= Glossary of stock market terms =

Following is a glossary of stock market terms.

- All or none or AON: in investment banking or securities transactions, "an order to buy or sell a stock that must be executed in its entirely, or not executed at all".
- Ask price or Ask: the lowest price a seller of a stock is willing to accept for a share of that given stock.
- Bear market: a general decline in the stock market over a period of time. See Market trend.
- Bookrunner: in investment banking, usually the main underwriter or lead-manager/arranger/coordinator in equity, debt, or hybrid securities issuances.
- Bull market: a period of generally rising prices.

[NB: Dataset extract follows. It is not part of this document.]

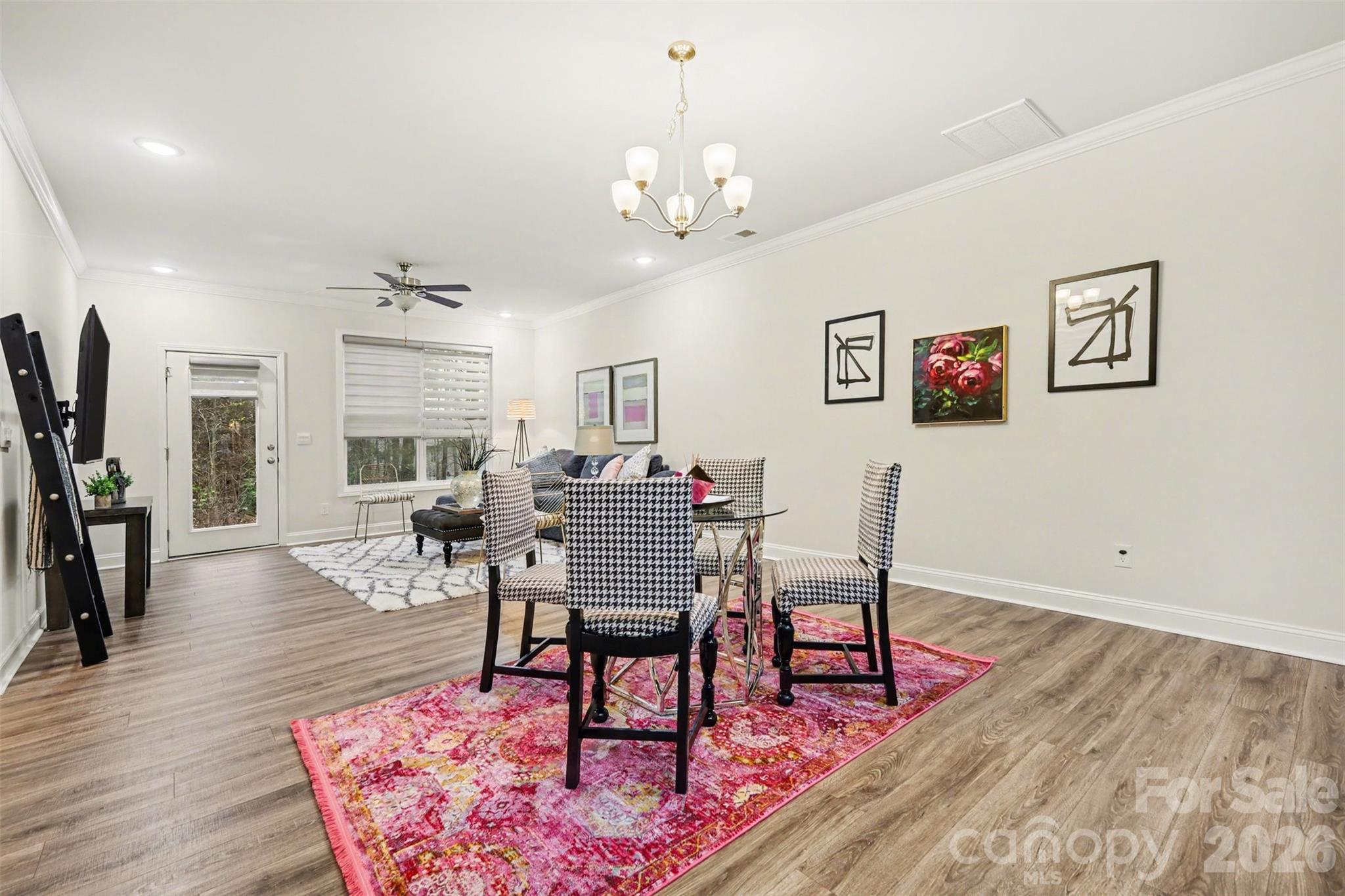 4293 Plumeria Way Fort Mill, SC 29707 - Photo 8 of 33 a dining room with wooden floor a chandelier a wooden table and chairs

See Market trend.
- Closing print: a report of the final prices for the day on a stock exchange.
- Fill or kill or FOK: "an order to buy or sell a stock that must be executed immediately"—a few seconds, customarily—in its entirety; otherwise, the entire order is cancelled; no partial fulfillments are allowed.

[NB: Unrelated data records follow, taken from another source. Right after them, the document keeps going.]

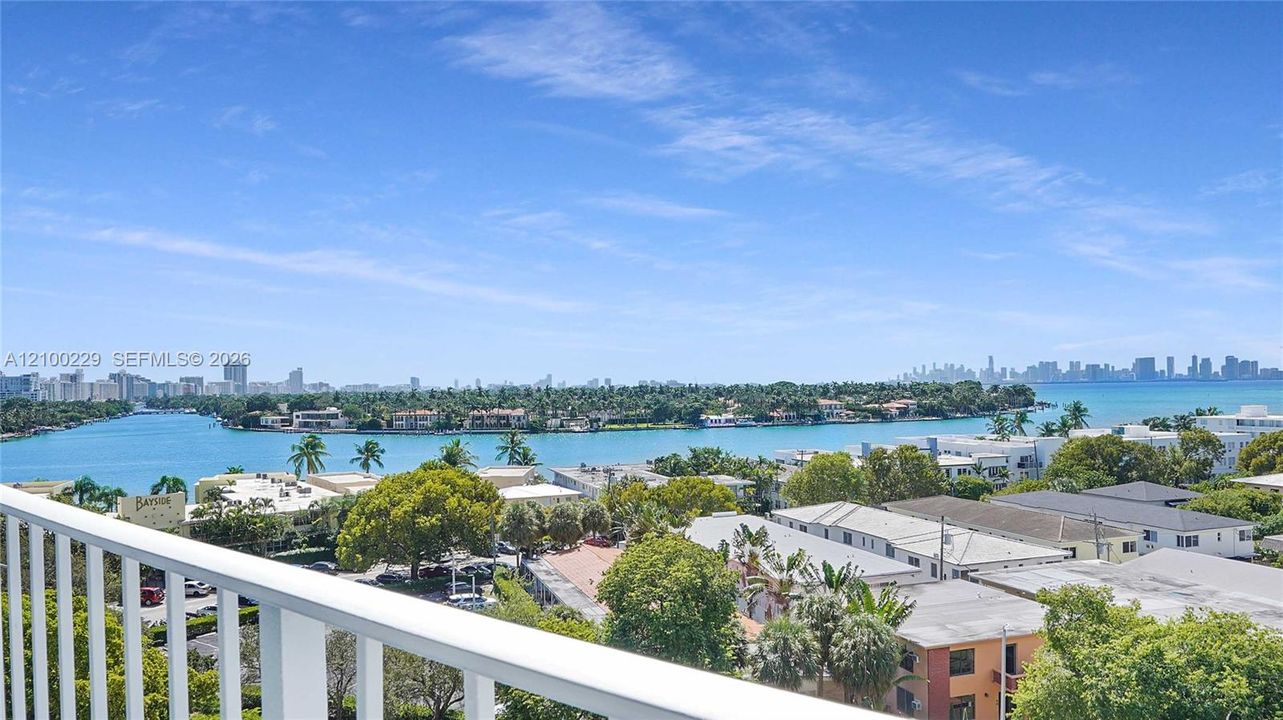 Elevated terrace with a white metal railing overlooking a waterfront expanse, coastal landscape, and a distant city skyline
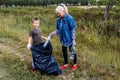 Caucasoid people put empty plastic bottles in a big black garbage bag. volunteers. grandmother and grandson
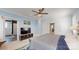 Bright main bedroom features light blue and white walls, a ceiling fan, a gray bed, and a main bathroom at 1511 Landis Ave, Charlotte, NC 28205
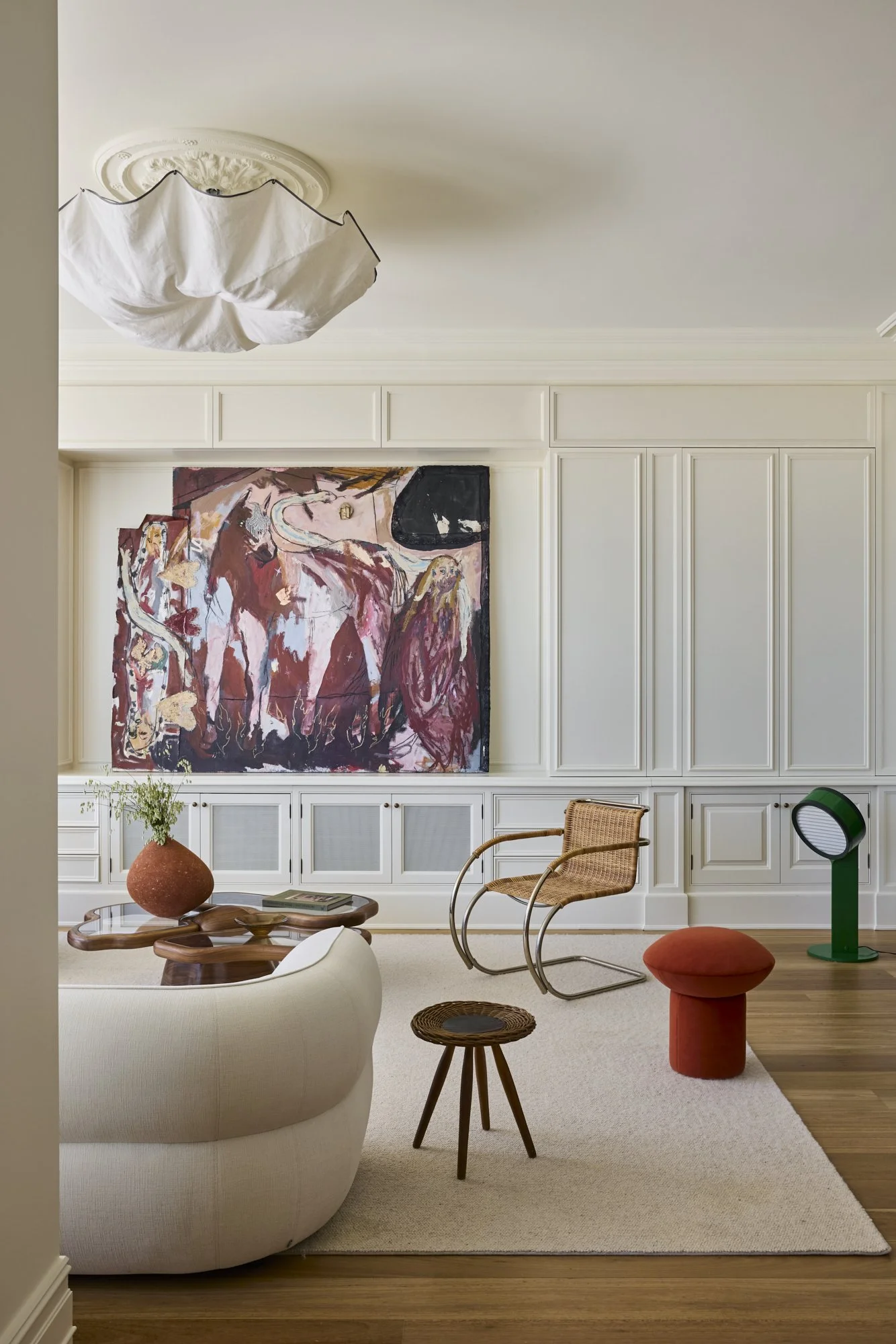 Modern living room with white paneled walls, large abstract painting, white sofa, rattan chair, small wooden stool, green lamp, and orange ottoman on beige carpet, hardwood floor, ceiling light fixture.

- Green sheet: a document that accompanies a prospectus for most initial public offerings, and describes the basic terms of the offering that are of the most important to a registered representative.
- Greenshoe: A special arrangement in a share offering, for example an IPO, which enables the investment bank representing the underwriters to support the share price after the offering without putting their own capital at risk.

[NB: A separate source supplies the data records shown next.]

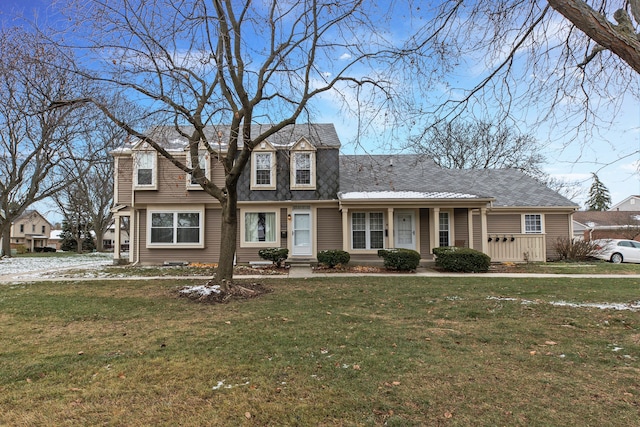 new england style home with a front lawn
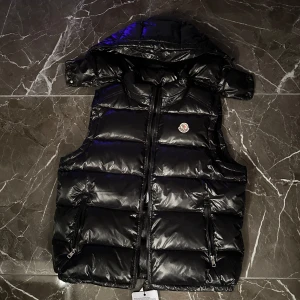 Svart dunväst från Moncler - Snygg svart dunväst från Moncler med dragkedja och huva. Västen har en glansig finish och två praktiska fickor med dragkedjor. Perfekt för kyligare dagar när du vill hålla stilen👌🏻priset ej hugget i sten. Var inte rädd för att höra av er😉storlek M men passar L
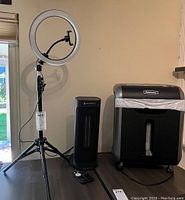 Full view of the three main items in the lot: adjustable ring light on tripod, black space heater with remote, and Fellowes paper shredder with waste bin and wheels.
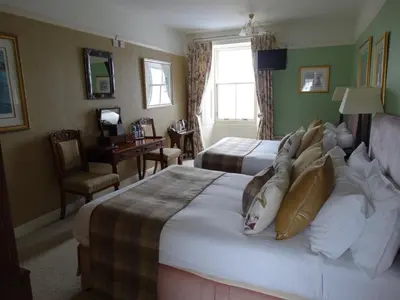 a hotel room with two beds and a desk at Port Charlotte Hotel in Port Charlotte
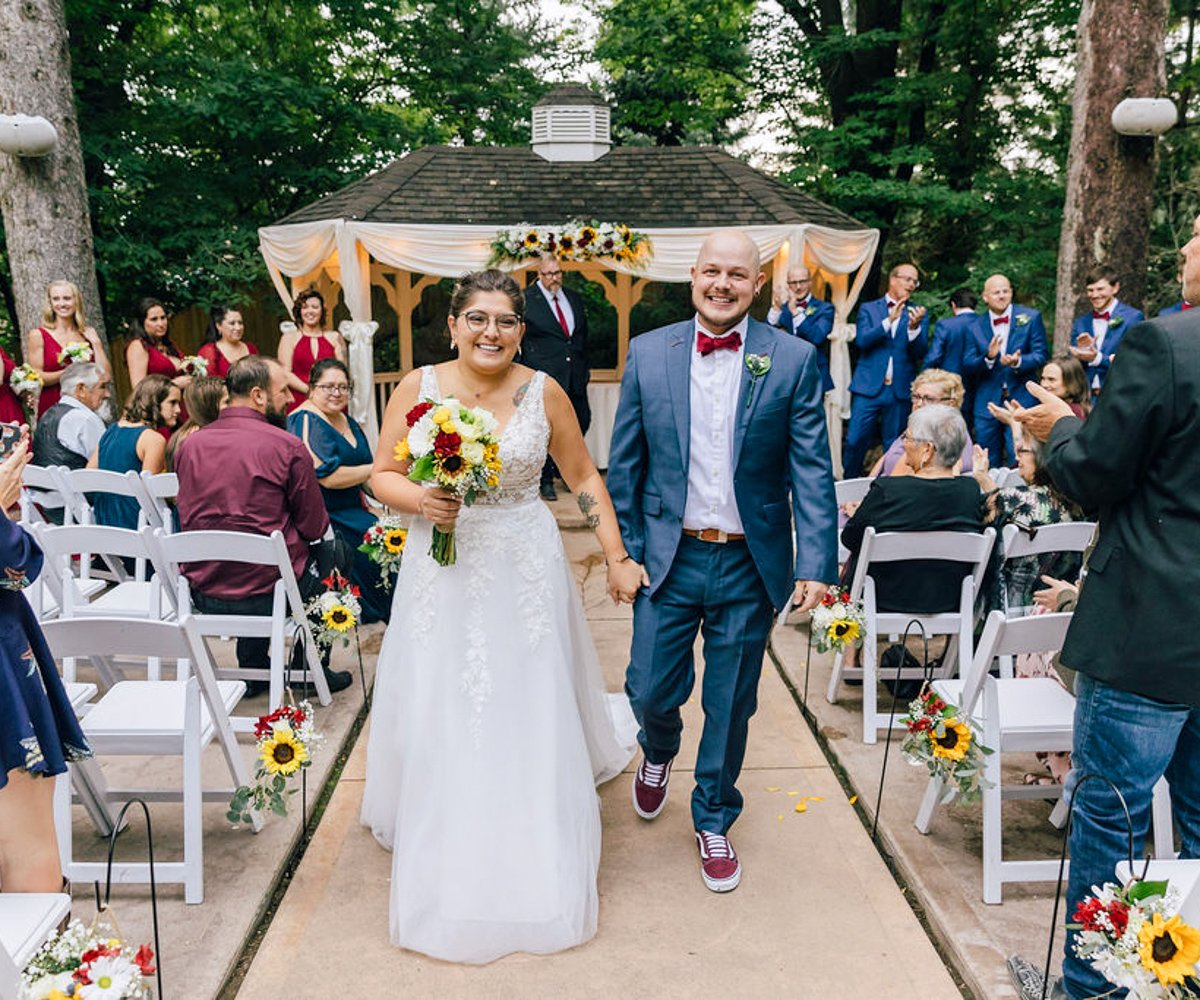 Bride and groom walking down the aisle after saying -I do- - Tapestry House by Wedgewood Weddings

  - Reverse greenshoe: a special provision in an IPO prospectus, which allows underwriters to sell shares back to the issuer.
- Immediate or cancel, IOC, or accept order: "an order to buy or sell a stock that must be executed immediately"; if the entire order is not available at that moment for purchase a partial fulfillment is possible, but any portion of an IOC order that cannot be filled immediately is cancelled, eliminating the need for manual cancellation.
- Initial public offering or IPO: a type of public offering in which shares of a company are sold to institutional investors.
- Institutional investor: an entity which pools money to purchase securities, real property, and other investment assets or originate loans.
- Market top: the highest point of trading before the market shifts from a bull market to a bear market.
- Market trend: the tendency of financial markets to move in a particular direction over time.
- Public float or Free float: the portion of shares of a corporation that are in the hands of public investors as opposed to locked-in stock held by promoters, company officers, controlling-interest investors, or government.
- Pump and dump or P&D: a form of securities fraud that involves artificially inflating the price of an owned stock through false and misleading positive statements, in order to sell the cheaply purchased stock at a higher price.
- Runoff or run-off: the period at the end of a stock market trading session originally reserved for printing end-of-trading share prices and values onto ticker tape; now used to describe trades at the end of a session that may not be announced or reported until the start of the next session.
- Securities special settlement: special settlement procedures that include the mechanisms to extinguish obligations stemming from unfulfilled obligations on their settlement date.
- Stub: the stock representing the remaining equity in a corporation left over after a major cash or security distribution from a buyout, a spin-out, a demerger or some other form of restructuring removes most of the company's operations from the parent corporation.
- Theoretical ex-rights price: a situation where the stock and the right attached to the stock is separated.
- Trade: the buying and selling of financial instruments.
- Two-tier tender offer: an offer to purchase a sufficient number of stockholders' shares so as to gain effective control of a firm at a certain price per share, followed by a lower offer at a later date for the remaining shares.
- Variable prepaid forward contract: an investment strategy that allows a shareholder with a concentrated stock holding to generate liquidity for diversification or other purposes.
- Widow-and-orphan stock: a stock that reliably provides a regular dividend while also yielding a slow but steady rise in market value over the long term.
- Witching hour: the last hour of stock trading between 3 pm (when the bond market closes) and 4 pm EST (when the stock market closes), which can be characterized by higher-than-average volatility.
  - Triple witching hour: the last hour of the stock market trading session (3:00-4:00 P.M., New York City local Time) on the third Friday of every March, June, September, and December, when three kinds of securities expire - stock market index futures, stock market index options, and stock options.
- Yellow strip price or Touch price: in the UK stock market (LSE), the highest bid price or lowest offer price, shown on the SEAQ or SETS screen in a yellow strip.